Re:Religion on B5

 Posted on 3/9/1996 by Jms at B5 to AOL


I've always been a writer. Even when I was just a kid, I was "preparing,"
always checking out different kinds of writing instruments, collecting the
artifacts of writing...took 3 years of typing in high school until I got to
120 wpm...but I didn't start writing until mid-high school, when I finally
decided I had read enough, thought enough about it, and was *ready*.

That day, I started writing finally. I wrote a story I placed with the
school magazine done out of one of the writing classes. The next thing I
wrote ended up in a small outside magazine. Then I began writing and placing
articles and plays and stories....

I took some writing classes in college, but the only ones of value were the
workshops, not the ones where you're taught to write the way the teacher
*wants* you to write. The whole theory of writing is to find your unique
voice; if you surrender that by writing the way somebody else writes, you've
sacrificed the only commodity you had to offer: your unique vision of the
world.
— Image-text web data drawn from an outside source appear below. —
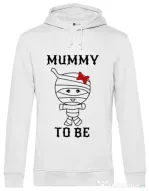 Hoodie barbat cu gluga Mummy to be girl Alb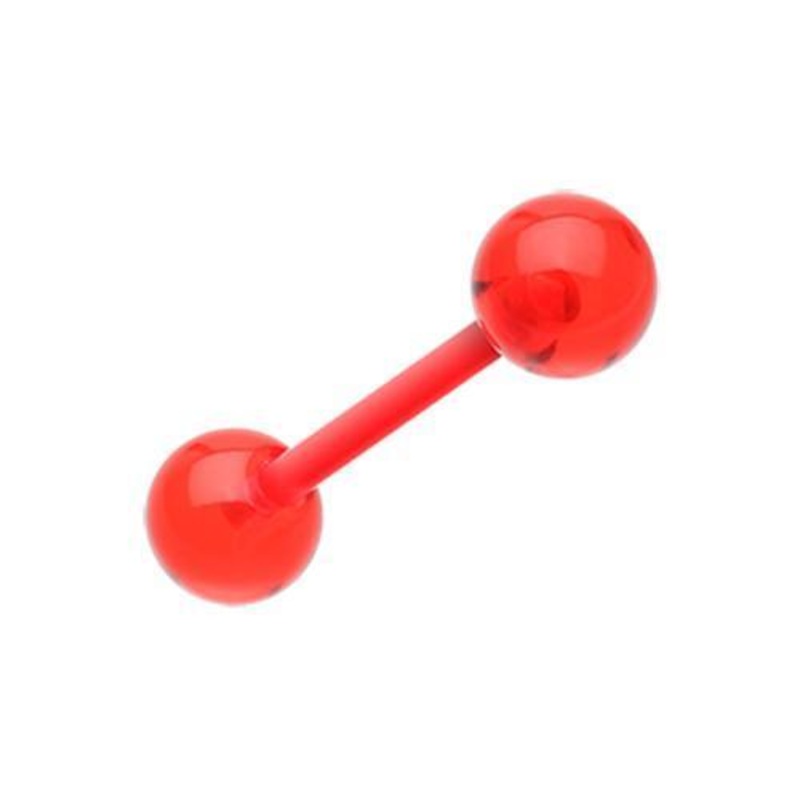 Red UV Acrylic Flexible Shaft Barbell Tongue Ring 14G (1.6mm) Length: 3/4″ (19mm) | Ball-Size: 1/4″ (6mm)
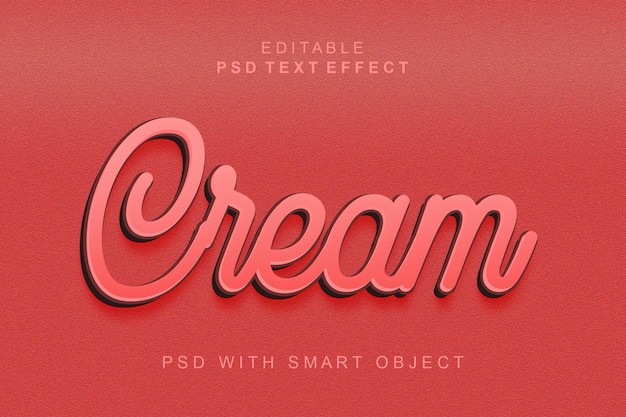 PSD plantilla crema de efecto de texto 3d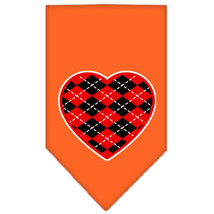 Argyle Heart Red Screen Print Bandana Orange Size Large - £9.26 GBP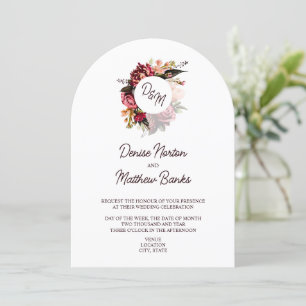 Invitación Monograma de crisantemo sobre blanco puro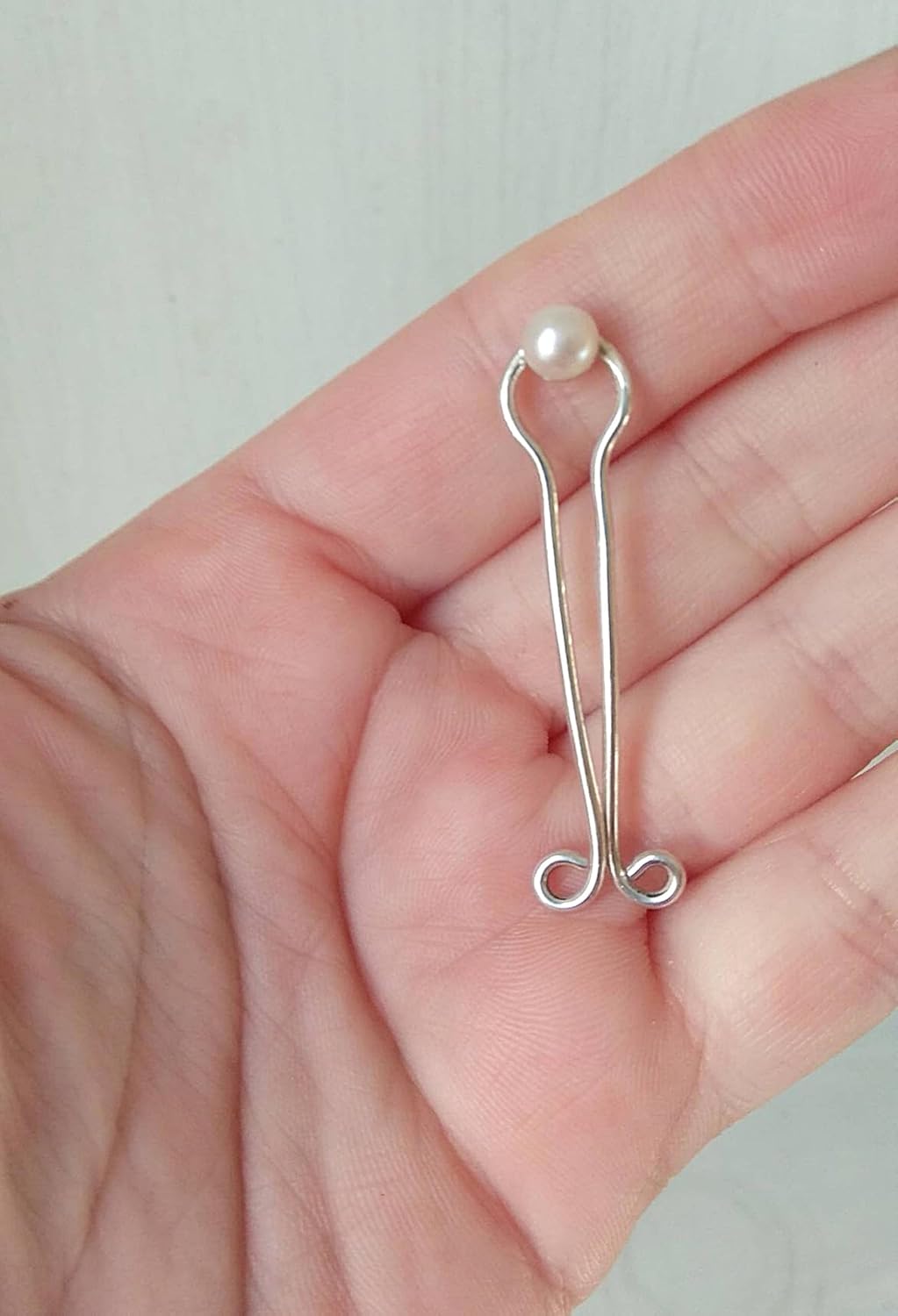 Sterling Silver Fake Christina Piercing with Natural Pearl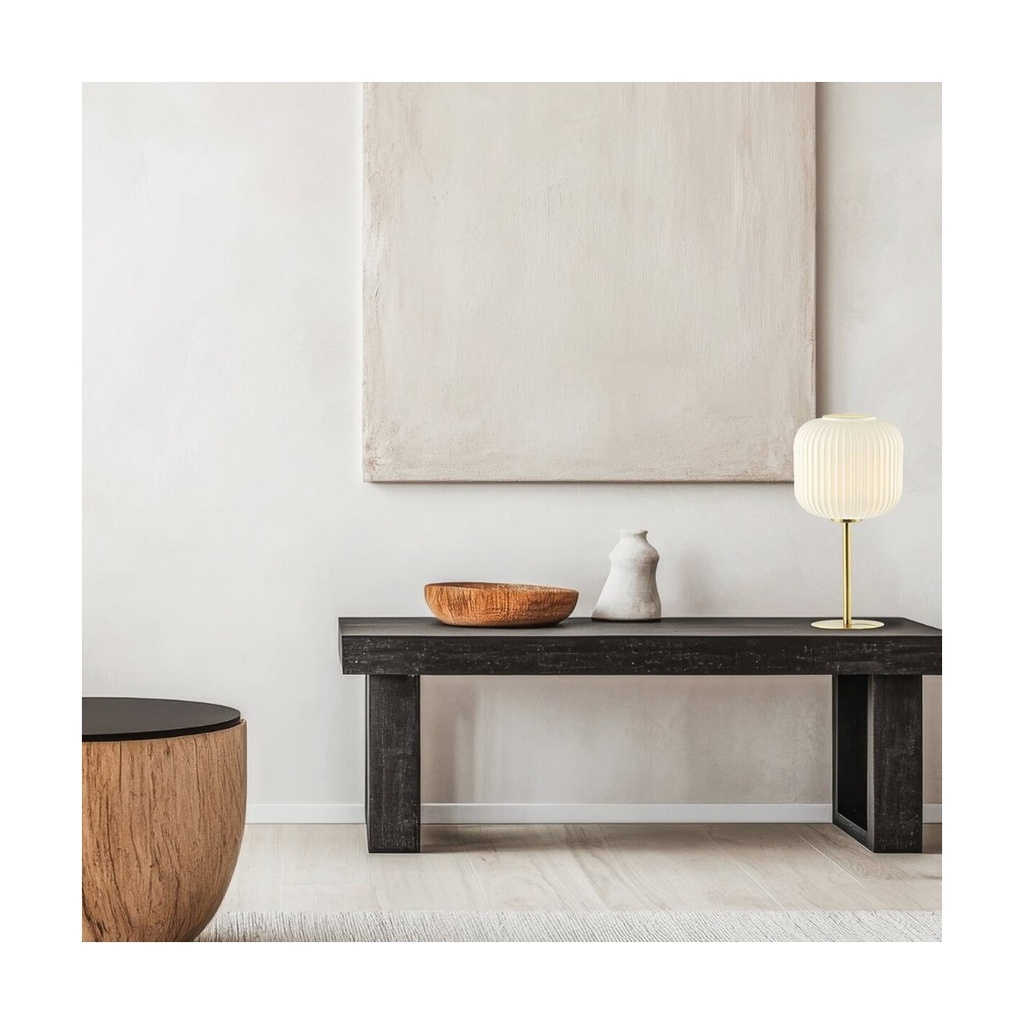 TABLE LAMP E27 MAX 40W GLASS MATERIAL WHITE & BRASS  ON/OFF SWITCH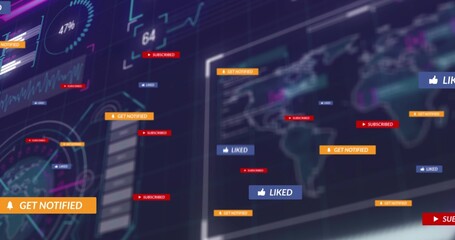 Showing analytics UI panels on dark dashboard, featuring gauge, waveform, map, GET NOTIFIED, LIKED
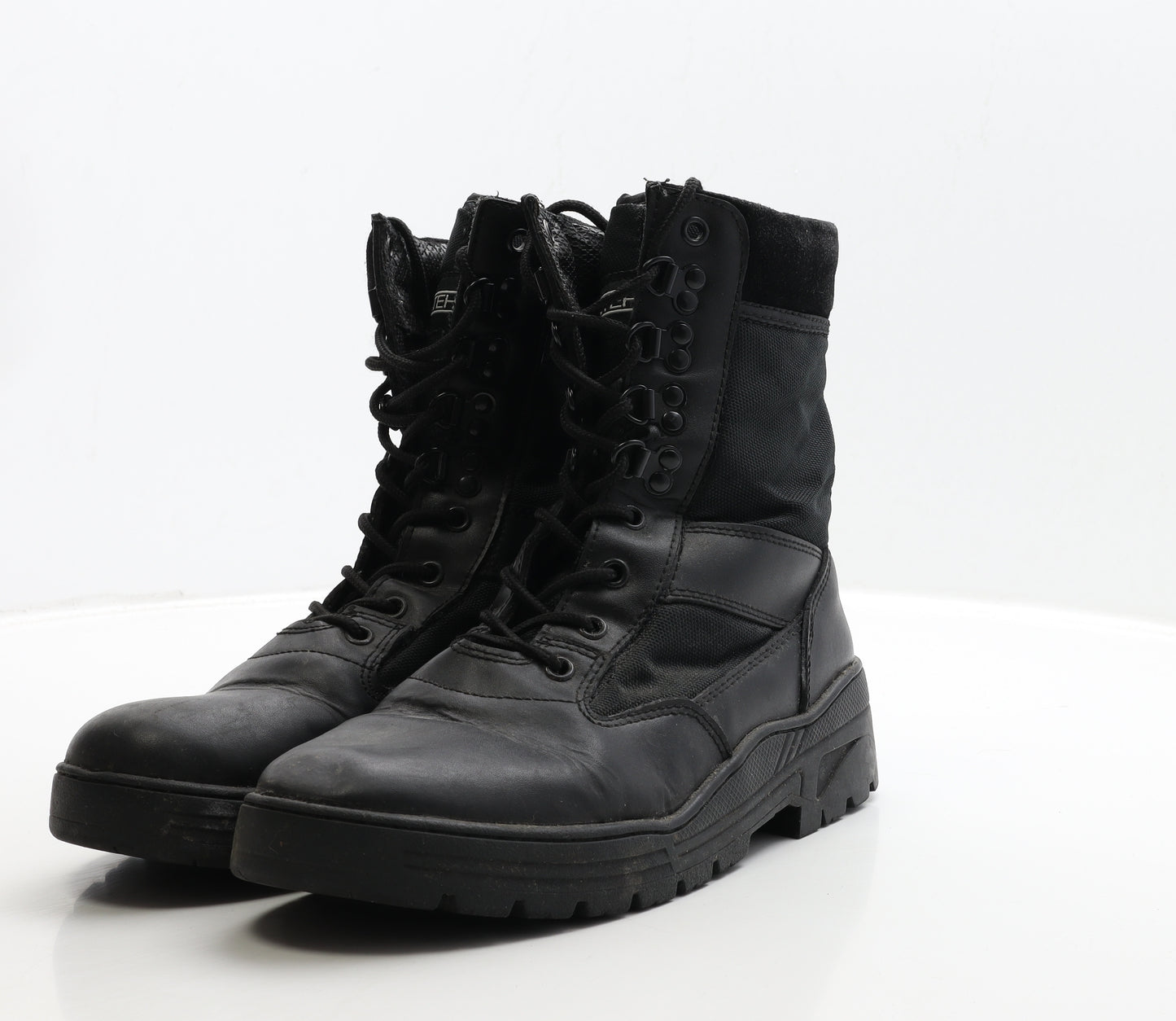 Nitehawk Mens Black Leather Biker Boot UK 9 43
In any event, as stated, I was writing and selling long before I took
my first writing class.

Since 1971, I have written 5-10 pages per day (the last 12+ years generally
10 or better) every day of the week, 52 weeks a year, except for my birthday,
christmas, new year's, and my spouse's birthday. On my first trip to
England, I swore I wouldn't write, I'd take some time off; I ended up
sneak-buying a small notepad and, by the time I got back, had outlined my
first novel, later published by Dutton.

I've written over 500 published articles, dozens of published short stories,
12 produced plays, a number of songs recorded here and there (including two
for a prime time ABC special), 2 published novels, 1 published anthology, a
number of screenplays (some made as TV stuff, some not produced), and 145+
produced TV scripts, among other stuff.

I write all the time. It's not what I do, it's what I *am*.